What is required -
Retyped exactly and without pictures, the lines from the one with "9073-54 54 7/10" through the end of the listing must form the entire answer.

Input data -
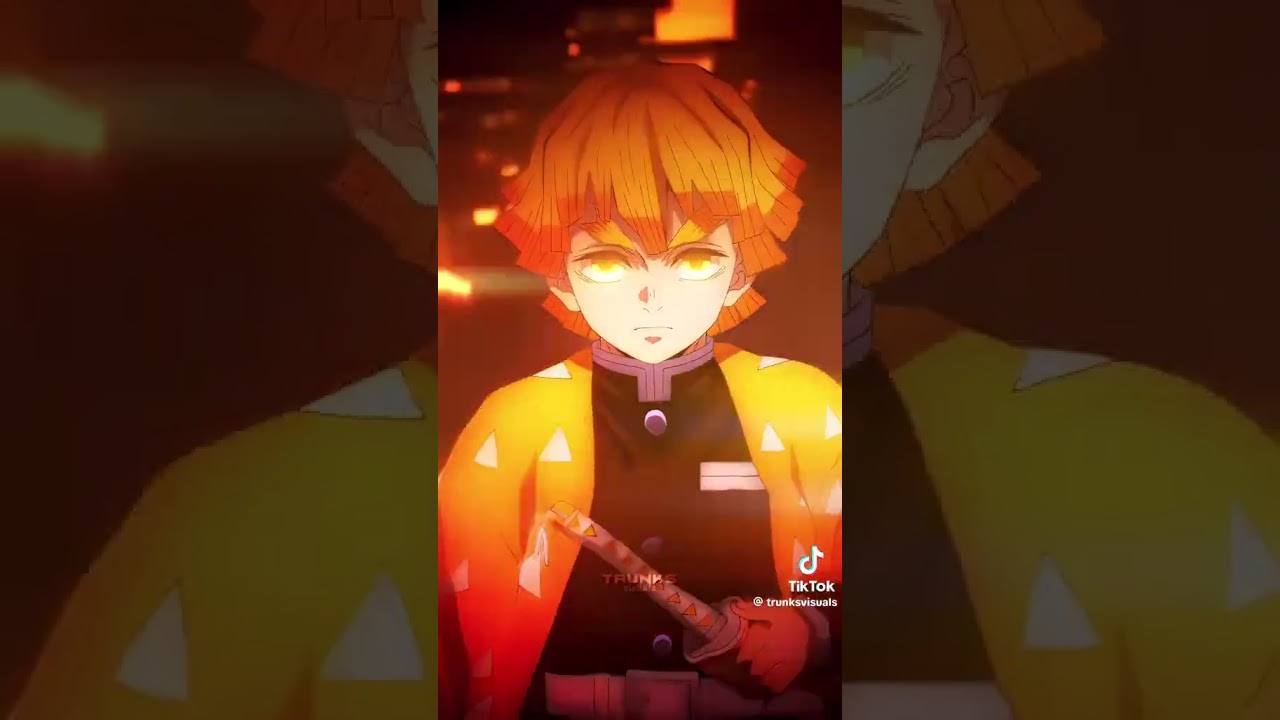 #euvoudeixardeserbesta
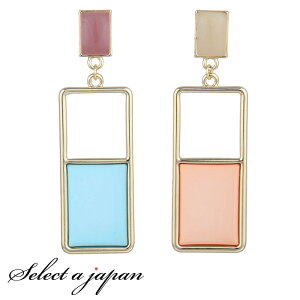 yقڑSiP20{I113܂Łz sAX fB[X XehOX XNGA  IW u[ WG[ ANZT[ Vv JWA l |Cg p i S[WX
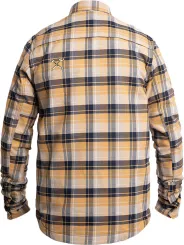 Chemise Motoshirt - John Doe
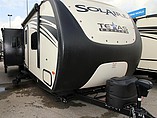2016 Palomino Solaire Eclipse Photo #6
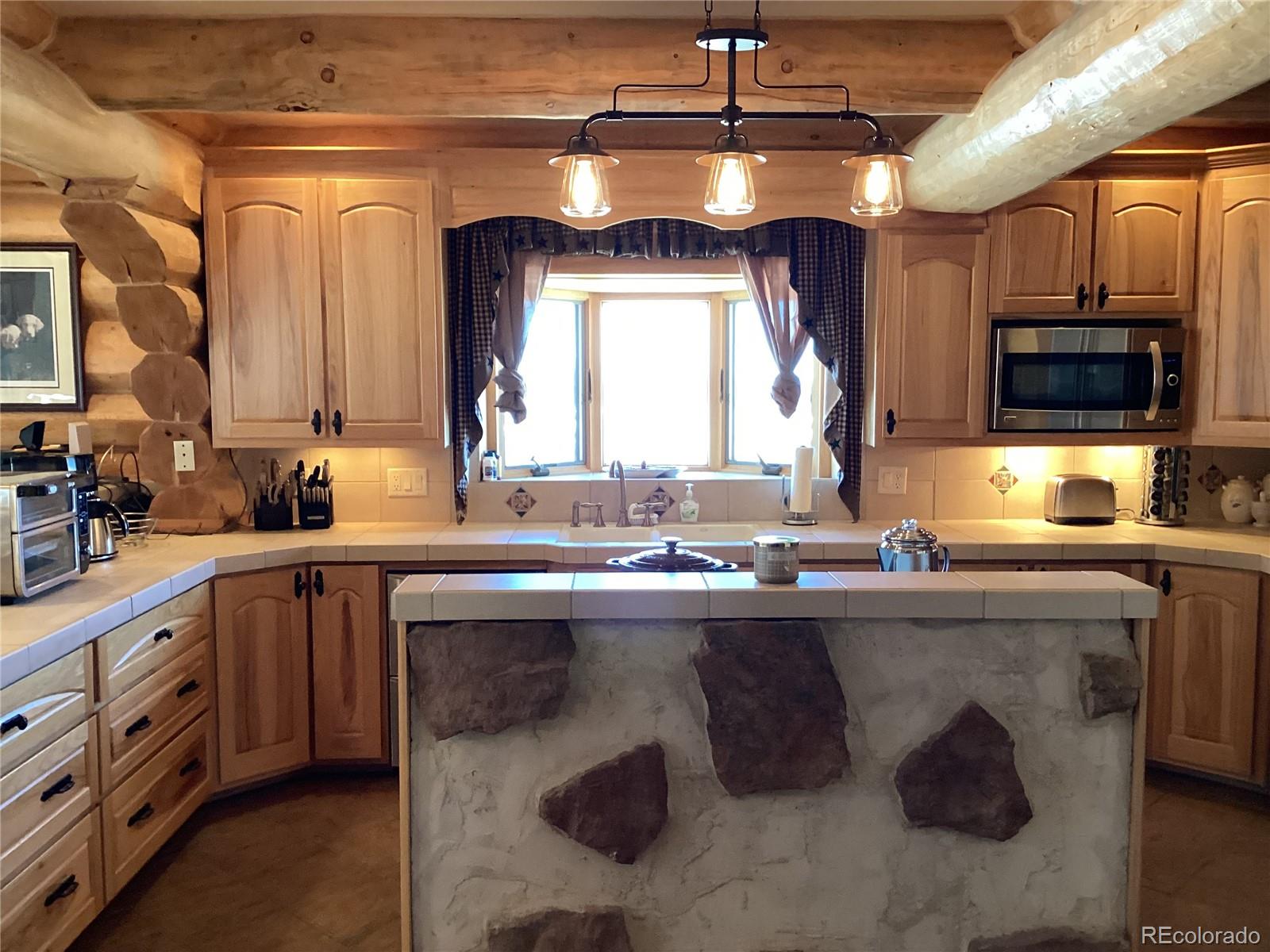 9073-54 54 7/10 Road Molina, CO 81646 - Photo 14 of 32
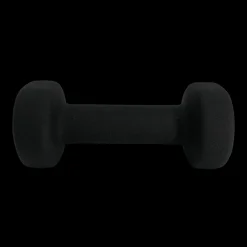 Titan Life - Dumbbell 4 Kg, Dumbbell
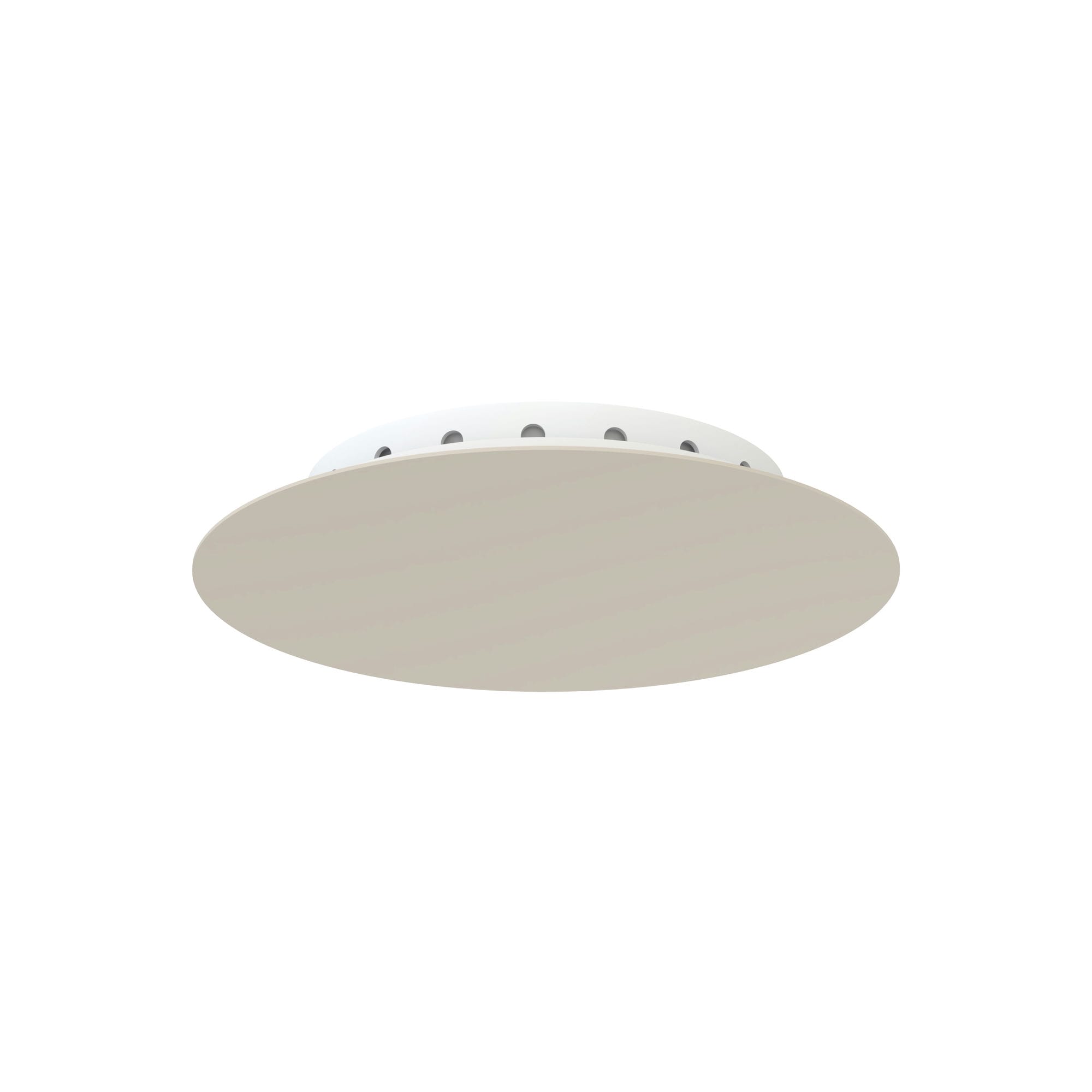 12060 CAMELEON CANOPY A MINI BEIGE - Slika 1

Answer to this problem -
 9073-54 54 7/10 Road Molina, CO 81646 - Photo 14 of 32
 Titan Life - Dumbbell 4 Kg, Dumbbell
 12060 CAMELEON CANOPY A MINI BEIGE - Slika 1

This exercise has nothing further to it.